# How many of your services equip trucks with MDTs?



## jtb_E10 (Jun 27, 2009)

Just curious as to how many of your services have MDTs in your ambulances...


----------



## mikie (Jun 27, 2009)

*An MDwhaT?*

What is an MDT?


----------



## jtb_E10 (Jun 27, 2009)

From that statement i would guess you dont use them...haha.. Mobile Data Terminal...or computers in the ambulances..


----------



## DrankTheKoolaid (Jun 27, 2009)

*re*

no MDT, just an old laptop that has seen it's better days


----------



## JPINFV (Jun 27, 2009)

Old company: MDT received the same information contained in the dispatch page (name, locations, CC, run number) and had the ability to transmit many preformed (enroute, on scene, etc) and custom messages to dispatch.

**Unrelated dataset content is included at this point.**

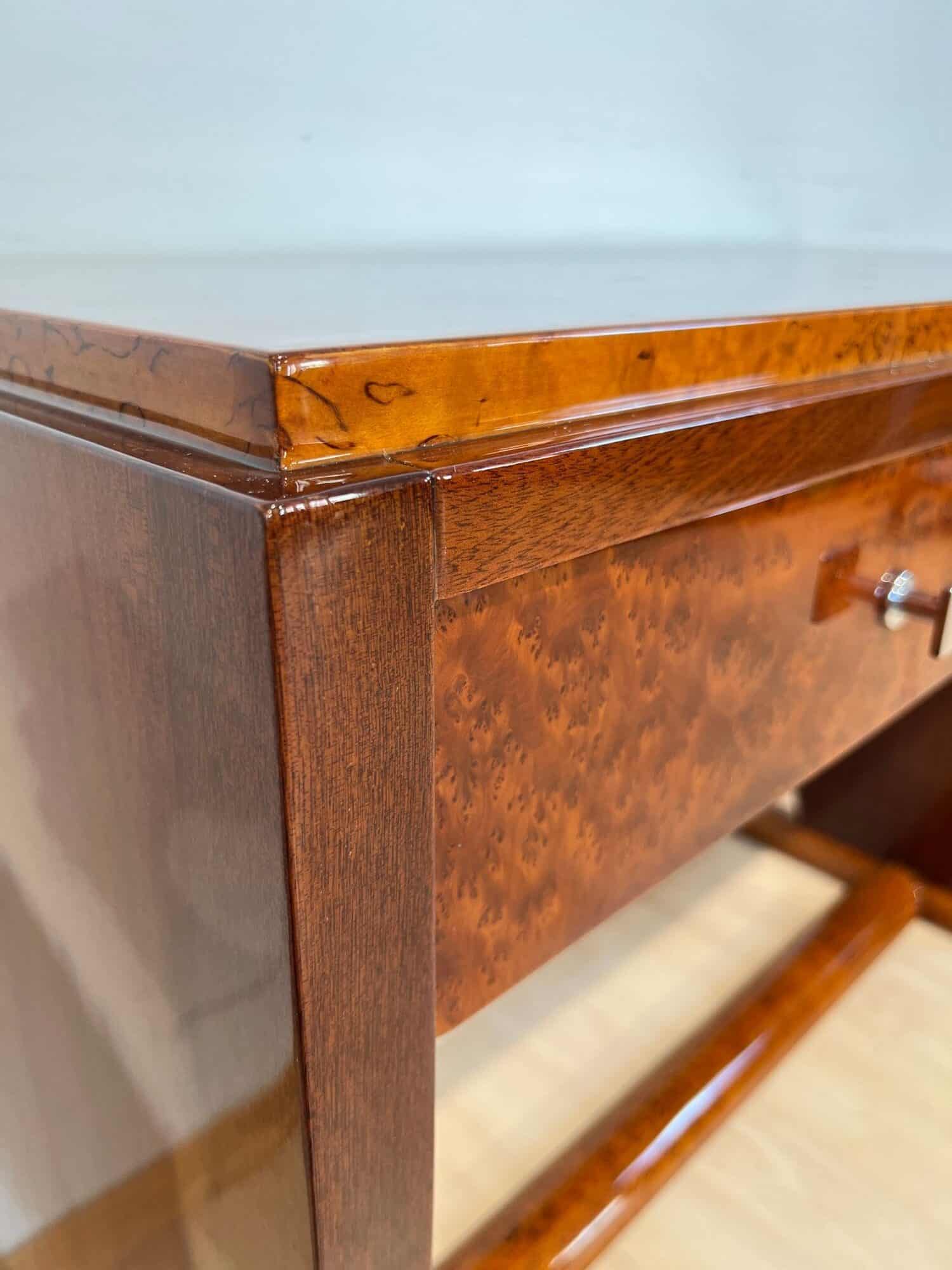 Art Deco Console Table, Thuja Roots, Birch, Silver-Plate, France circa 1925 - Image 8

Current: Equiped, not busy enough to use.


----------



## NomadicMedic (Jul 1, 2009)

All of our call info is on the MDT, as is all of the "routine" traffic with dispatch "en route", "on scene", "transporting". Any other time we need to chat with the dispatcher, it's on the Nextel. That's also how they alert us that we have a call. "CHIRP!" 







If you're curious, we use the Zoll "RescueNet" NOMAD MDT. http://www.zolldata.com/web/nomad.aspx


----------



## Sapphyre (Jul 1, 2009)

We use what n7 uses, got a call, the most ANNOYING tone goes off.  I recorded it, cause I'm geeky like that.


----------



## marineman (Jul 2, 2009)

We have Panasonic Toughbooks mounted in our rigs if that counts? We use a few different programs all grouped together to dispatch as well as gps/mapping and then dispatch can track us (I like to unplug it and use the mapbooks just to mess with dispatch) 

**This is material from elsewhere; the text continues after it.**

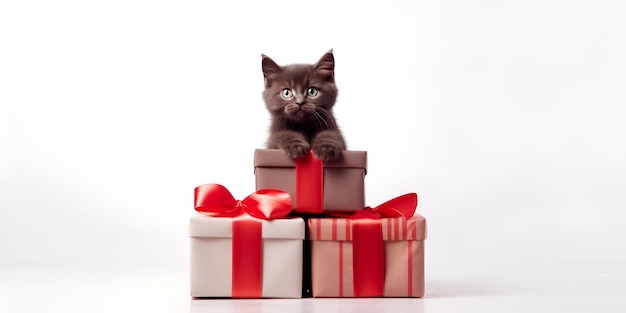 O gatinho marrom senta-se sobre um fundo branco com uma caixa de presente vermelha com uma surpresa de laço vermelho gerada por IA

We use several of those Zoll programs though for other things, we just started using crew scheduler, we use Epcr as well as webpcr (same program but over the internet instead), we also use code review and the billing program.


----------



## lafmedic1 (Jul 2, 2009)

All  the 200+ units and sprint trucks have MDTs. Toughbooks are used and are mounted permanantly in the cab. Each MDT is tied into the main system. All have GPS with map tracking. Internet is availible with mobile wireless across the state and works very well. We can instantly locate our calls and go enroute in under 10 seconds with tracking all the way. We just phased out the old green screen DXT units so the map book is a sacred art.Last night the computers went down for service and luckly I knew how to read a map book unlike some of the newer guys who are spoiled. All in all after we got the kinks worked out its an awesome system. Heres a recent  artice about our companys MDTs  by a local news team   http://www.kplctv.com/Global/story.asp?S=10500791


----------



## chadwick (Jul 13, 2009)

*Be Careful!*

The Panasonic Toughbook can not withstand being ran over by a 2001 Ford Type 2 Ambulance. It held up better than my personal laptop would have but it was still garbage. I only wish we had taken pictures.


----------



## VCEMT (Jul 13, 2009)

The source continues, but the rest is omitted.